# Wachusett: Wednesday Night, December 6th



## Zand (Nov 29, 2006)

*CANCELLED: Wachusett: Wednesday Night, December 6th*

With the impending cold weather and possible snowstorm Monday, things are looking good for opening day being on or before Wednesday. Here's the rollcall thread for next Wednesday night. We can discuss a meeting spot, time, etc. At this time, I'd like to put in an idea for having the meeting at 6 PM at the little hut next to the base of the Polar Express. That actually works as a good meeting spot for anytime of the year if it works out for us so we'll keep this in mind for future meetings.

Meet is cancelled due to lack of participation for Friday. We can unofficially meet at 6 PM at the hut, but looks like very few people are in.


----------



## awf170 (Nov 29, 2006)

I'll be in.  Also, I'll be there at 4 pm.  I'll be pretty easy to spot.  Just look for a bright blue jacket, and fritschi freerides bindings, I highly doubt that anyone else there will have a pair.

Here is a picture of me: (notice the mad air. atleast 8 inches, possibly 10)

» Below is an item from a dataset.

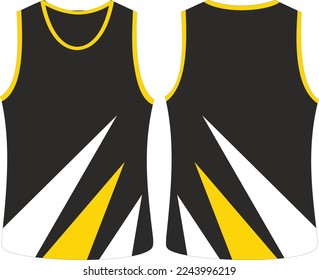 Jersey Design,  Sublimated Vest design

http://www.thesnowway.com/ski/2007/20061105stowe/20061105stowe07.jpg


----------



## Mark_151 (Nov 29, 2006)

If it's open, I'll be there. I'll be on tele skis with a black helmet and blue fleece or plum Goretex, depending on weather.


----------



## thetrailboss (Nov 29, 2006)

Don't jinx things now.....  :wink:




Oh wait, Greg isn't going.  :lol:


----------



## bassist286 (Nov 29, 2006)

6 is good, although i dono if it will be open, but i'll pray. although the little hut thingy eludes me, where is that again?


----------



## Zand (Nov 29, 2006)

It's right next to the base of the Polar Express, you ski right by it everytime you get in line. You can't miss it. 

But, I don't see why they won't be open. They should get a good 10 hours of snowmaking Saturday night, 14-16 Sunday night, a possible snowstorm Monday, another 14-16 Monday night, and maybe more than that Tuesday night. That eclipses their needed 48 hours of snowmaking.


----------



## Marc (Nov 30, 2006)

I'll be there.  I'll be there shortly after 4, hopefully skiing by 4:15.  Assuming they open.

Zand, you might want to be more specific.  At first when you said "little hut" by the base of the Polar Express, I thought you were talking about the new Waffle Haus hut.  I only knew what you meant after you said you ski by it every run.


----------



## Mark_151 (Nov 30, 2006)

Crap -- it's 7:30PM on the last day of November, and I'm sitting here typing in short sleeves and shorts, and barefoot on my screen porch. Thinking about skiing next wednesday seems a little bit crazy right now.....

and to add to the weirdness, I look to my left, through the open door into the living room, and there sits my Garmont Syner-G boots and ski pack.


----------



## Zand (Dec 1, 2006)

Wachusett has announced opening day to be Wednesday. IT'S ON!!!


----------



## Marc (Dec 1, 2006)

WTF.  I have to back out of this one too.  Have to pick up a jake at the airport in PVD.  Well, I'll be there Thursday, at any rate.


----------



## awf170 (Dec 1, 2006)

Marc said:


> WTF.  I have to back out of this one too.  Have to pick up a jake at the airport in PVD.  Well, I'll be there Thursday, at any rate.




Pfff, loser. :razz:  You should skip work thursday and go.  I'll be there from around 7 to 12am.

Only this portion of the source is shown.